Perlawanan pada KY paling mutakhir, pelaporan hakim Sarpin Rizaldi ke polisi terhadap dua komisioner KY (Suparman Marzuki dan Taufiqurrahman Syahuri) atas dugaan pencemaran nama baik pada pengawasan Sarpin Rizaldi dalam sidang praperadilan di media sosial.
Fenomena ini menunjukkan KY tak lagi berwibawa. Padahal KY merupakan institusi penting setara MA. KY adalah institusi baru dibentuk 2001 oleh Pasal 28 B Ayat (1) hasil amendemen ketiga UUD 1945.
Kewenangannya antara lain menjaga dan menegakkan kehormatan, keluhuran martabat serta perilaku hakim. Ketidakwibawaan KY di hadapan MA membayakan masa depan gerak dan rajutan reformasi hukum. Dengan begitu hakim-hakim MA berpotensi kebal hukum.
Namun demikian, ketidakpatuhan MA terhadap rekomendasi KY patut dijadikan refleksi atas perjalanan reformasi kelembagaan hukum dan kemungkinan ketidaktepatan desain kelembagaan KY.
Kehadiran KY dalam khazanah kelembagaan hukum bukan merupakan ide otentik, tapi produk impor. Dalam studi antroplogi dan perbandingan hukum seperti dinyatakan Jan M Smits, (2006) dalam Comparative Lawland its Influence on National Legal Systems, produk institusi hukum dan legislasi baru di negara-negara berkembang merupakan fenomena transpalansi hukum. Ini pemidahan hukum dari berbagai hukum asing untuk menjadi solusi negara berkembang. Sedangkan menurut Esin Orucu, 200:21 ini merupakan pergerakan hukum lintas batas.

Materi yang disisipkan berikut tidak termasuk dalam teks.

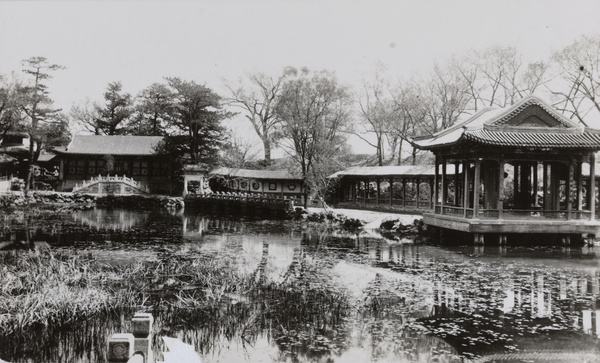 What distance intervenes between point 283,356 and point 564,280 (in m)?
10.1

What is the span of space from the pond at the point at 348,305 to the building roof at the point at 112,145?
1326 inches

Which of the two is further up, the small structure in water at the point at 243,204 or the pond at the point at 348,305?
the small structure in water at the point at 243,204

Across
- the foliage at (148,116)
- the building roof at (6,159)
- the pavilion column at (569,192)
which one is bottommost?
the pavilion column at (569,192)

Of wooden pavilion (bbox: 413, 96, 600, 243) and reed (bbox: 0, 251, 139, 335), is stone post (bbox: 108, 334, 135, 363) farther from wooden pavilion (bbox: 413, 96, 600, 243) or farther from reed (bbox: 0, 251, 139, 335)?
wooden pavilion (bbox: 413, 96, 600, 243)

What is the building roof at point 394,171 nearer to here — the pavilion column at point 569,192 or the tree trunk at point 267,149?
the pavilion column at point 569,192

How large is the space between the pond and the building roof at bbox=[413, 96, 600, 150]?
425 cm

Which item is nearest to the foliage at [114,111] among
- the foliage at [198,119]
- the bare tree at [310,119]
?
the foliage at [198,119]

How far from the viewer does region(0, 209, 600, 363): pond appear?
8.49 meters

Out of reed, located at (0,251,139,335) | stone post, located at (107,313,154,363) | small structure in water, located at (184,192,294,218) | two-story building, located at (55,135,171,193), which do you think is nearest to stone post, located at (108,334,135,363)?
stone post, located at (107,313,154,363)

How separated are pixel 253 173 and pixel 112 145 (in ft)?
53.6

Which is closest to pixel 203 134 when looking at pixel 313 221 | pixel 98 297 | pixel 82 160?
pixel 82 160

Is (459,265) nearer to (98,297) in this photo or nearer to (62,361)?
(98,297)

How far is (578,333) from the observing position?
9625 millimetres

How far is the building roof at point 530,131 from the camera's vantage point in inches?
846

Transpansi hukum berpotensi melahirkan ketidakcocokan dan penolakan masyarakat atau dari objek yang akan direformasi. Karena hukum asing yang ditranspalansikan memiliki basis sosial budaya berbeda dengan sistem hukum negara penerima (Hari P, 2007:22).
Perilaku hakim-hakim MA yang akan direformasi menolak untuk diawasi KY mirip teori ini. MA merupakan institusi jauh lebih tua dalam sistem hukum Indonesia. Dia merasa tidak cocok diawasi KY yang masih belia. Lebih dari itu, transpalansi KY ke dalam sistem hukum dengan kewenangan tadi bisa jadi tidak tepat.
Cermin Kegagalan
Bahkan perlawanan MA dan para hakim cermin kegagalan reformasi peradilan yang telah lama dinantikan sebagai upaya megubah kultur hakim dalam memutuskan yang berkeadilan dan berkeadaban.
Beberapa negara yang berhasil mereformasi hukum melalui sejenis KY selalu disertai analis dan studi mendalam terlebih dulu agar kehadirannya tidak ditolak masyarakat atau objek yang direformasi. Fungsi KY selalu berbeda di setiap negara baik Asia, Afrika, Eropa, ataupun Amerika Serikat. Perbedaan ini disebabkan kondisi sosial budaya dan kebutuhan. Jika kelemahan penegakan hukum suatu negara di bidang tata kelola, perencanaan dan pengalokasian keuangan hakim, maka KY difungsikan untuk tugas ini seperti di Belanda dan Irlandia.
Jika kelemahan penegakan hukum terletak pada konsistensi putusan hakim antara satu pengadilan dan lainnya untuk keadilan, negara memfungsikan KY untuk menegakan tugas ini seperti Selandia Baru. KY di Afrika Selatan berfungsi memberhentikan hakim tak profesional, pengangkatan calon Ketua MA dan MK. Di Prancis, Italia, Spanyol dan Portugal, KY merekrut, mutasi, promosi, pengawasan, dan pendisiplinan hakim.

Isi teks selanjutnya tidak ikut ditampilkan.